Sunday, August 27, 2006

Fishing with Karen

I apologize in advance if any of the images or descriptions offend any readers (especially my vegetarian blog sister). If you have an aversion to fish, fishing or anything having to do with getting the fish from the water to the table, you should probably skip this post. (Tune in next week for mangosteens and LA radio!)

Okay, now that it's just us, I can tell you about the amazing time I had this past Saturday fishing off of Long Island. A group of people from one of RFC's circles rented a boat for a day of fishing. Wives, children and girlfriends were invited. Yay! Truthfully, when this was first brought up, I was more looking forward to the prospect of being out on the water that the actual fishing part. I didn't think I would do too much of that, maybe give it a try. In fact, what happened was that I fished just about the whole time we were out. And I actually caught about 15 fish! Most had to be thrown back because they were too small, but I did reel in four "keepers," three sea bass and one porgy. I did a little research and what I caught was specifically a black sea bass. Porgy refers to a number of similar fish and is very flat. I couldn't figure out which kind I had pulled up. RFC was also lucky, catching about the same amount as I did. I do believe luck had a lot to do with it. I am sure under other circumstances skill plays a part, but with at least ten lines going off every side of the boat, it seemed you caught a fish if one decided to nibble on your particular bait (we used clams). It was super cool to learn how to use the fishing pole, the reel, the release. I hooked my own finger many times in the beginning before getting the hang of grabbing the line. The least pleasant part was unhooking the fish. I found myself apologizing to my catch as I struggled to work the hook out of its mouth, and sometimes it's eye (yuck!), even if I was about to throw it back in. Two of the fish I meant to keep made a mad dash for freedom as I finally got the hook out and flopped right back over the side of the boat. Towards the end of the trip, one of the crew collected our catch and filleted them for us. He made quick work of the fish, gutting and skinning them with only a few flicks of the knife.

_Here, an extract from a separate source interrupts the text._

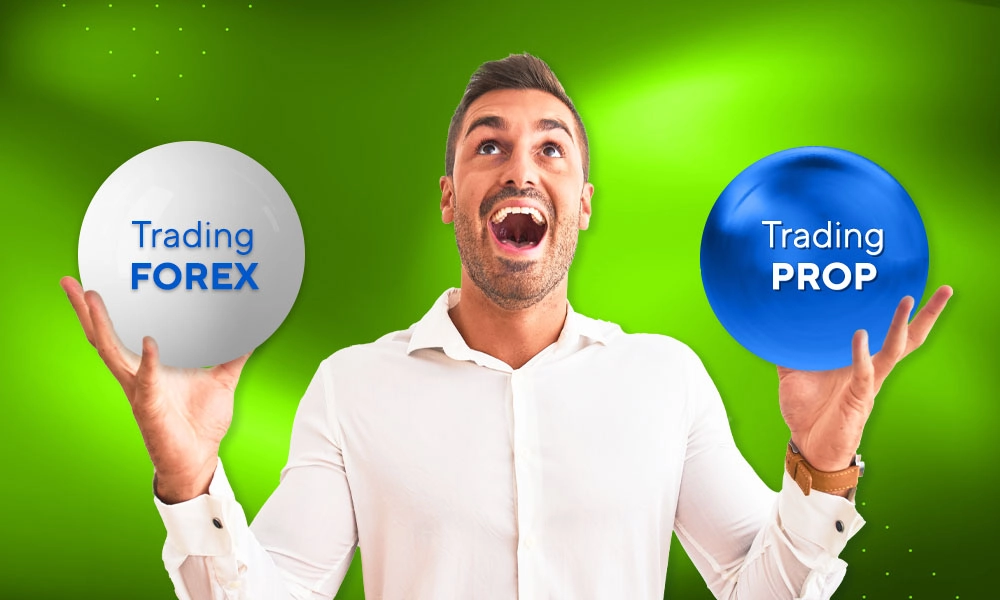Forex Trading vs Prop Trading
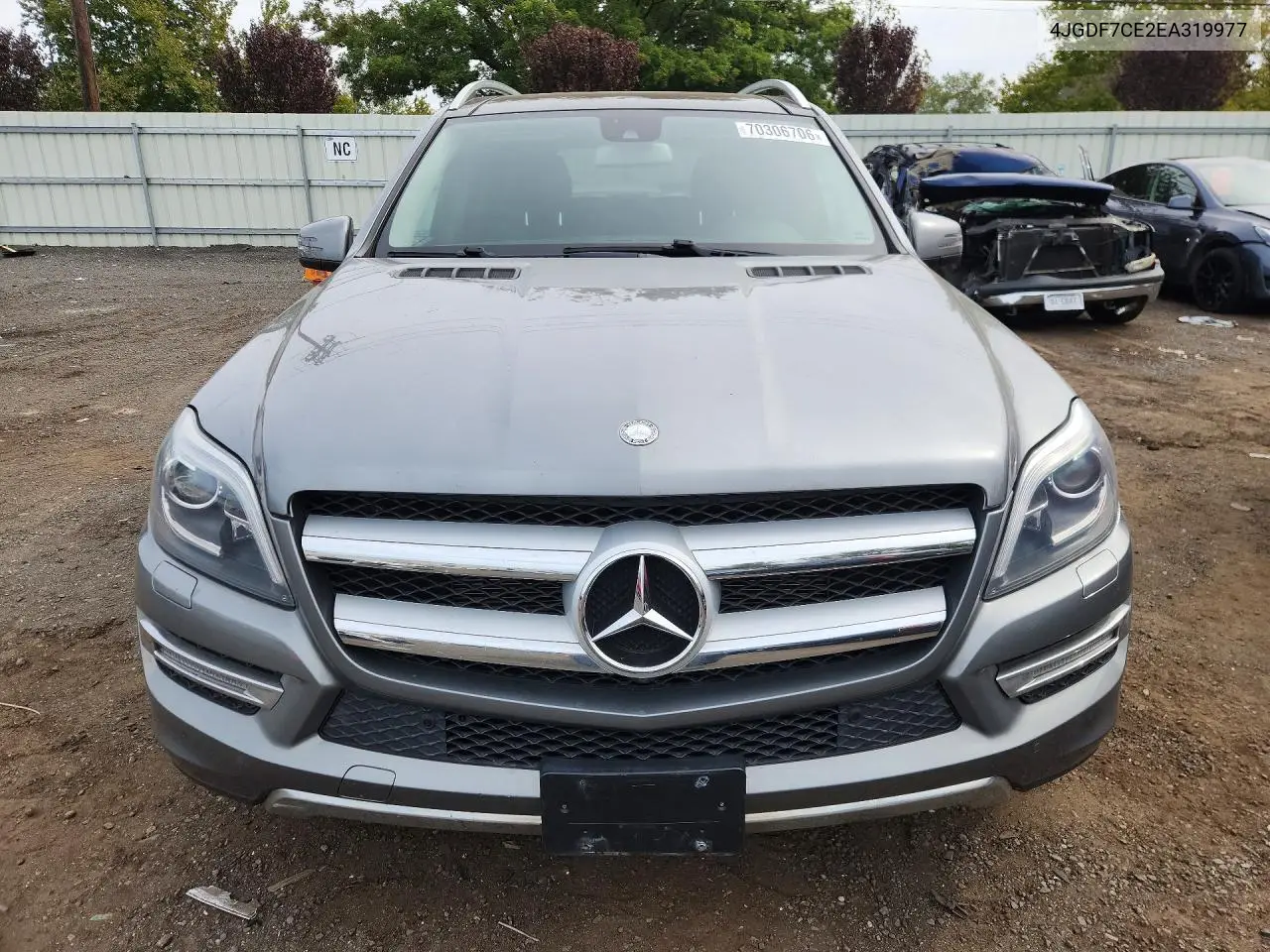 2014 MERCEDES GL-KLASSE VIN 4JGDF7CE2EA319977 — фото 5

We took our prized bag to RFC's and fired up the barbecue. We seasoned the fish with salt and pepper, fresh dill, olive oil, and lemon and wrapped in tin foil packets. The end result was simple and light, a perfect late-summer dinner. The sea bass was the more tender of the two, although both were on the firm side. The porgy was fishier tasting and a little bony. It was very satisfying to be cooking and eating the very fish we had caught that morning. Most people, myself included, don't have much of a connection between the source of food and what shows up in the refrigerator. This was just a small way to see the link.

Friday, August 25, 2006

La folie pour les mures

Dave had his first class at UNC yesterday. Is it back-to school time already? Ce n'est pas possible! I look forward to the crisp, fall days, yet I am not ready to say good-bye to the summer fruits. I allowed cherries to come and go without a pie or tart in sight. Now I am in a mad dash to take advantage of the berries before they disappear. Is it possible that the seasons are growing shorter with each passing year? Whatever baie is your favorite, it will be perfectly complemented by a touch of lemon and a nice dollop of cream. It can be a simple creme chantilly or creme fraiche, marscapone, clotted cream...The citrus will bring out the bright cheerfulness of the flavor and the cream will balance out the natural acidity.

Lately, I have been feeling homesick and find myself craving the blackberry. It is the first fruit I can recall eating. Up until the age of four, my family lived in a quaint, Upstate New York neighborhood where the blackberries grew wild. I remember eating them unadorned and was surprised by the tart flavor and appealing texture. Shouldn't there be more dishes made with blackberries? I decided to do a some research about this mysterious fruit(which is actually not a berry at all). To my delight, it is part of the Rubus family which is a nickname for ma puce. According to Wikipedia, if you pick them after September 15th they are cursed because the devil has claimed them. Je vois, elles m'envoutent.

Thursday, August 24, 2006

Brooklyn Shout-out

This weekend I will be baking my little heart out for a couple of friends in honor of their birthdays. As I don't get to do this kind of baking (cake, filling, frosting-the whole nine yards) very often, I'm thankful for the excuse to dust off these skills and give them whirl. But first, I needed to stock up on a few supplies and, because I have a little time on my hands, I took the train out to my old neighborhood and stopped by my favorite kitchen shop, A Cook's Companion on Atlantic Avenue. This little store has a rather large selection of cookware, gadgets, knives, and baking supplies and I don't think their prices are that much higher than bigger retailers. They have lots of options for cake decorating and I was able to get everything I needed in one shot. While on Atlantic, I couldn't help but wander a few doors down to another local favorite, Sahadi's. What I like best about this Middle-eastern shop is that you can get spices, nuts, dried fruit, and grains in bulk. Go in late November and you will be surrounded by British women stocking up on ingredients for fruitcake and steamed pudding!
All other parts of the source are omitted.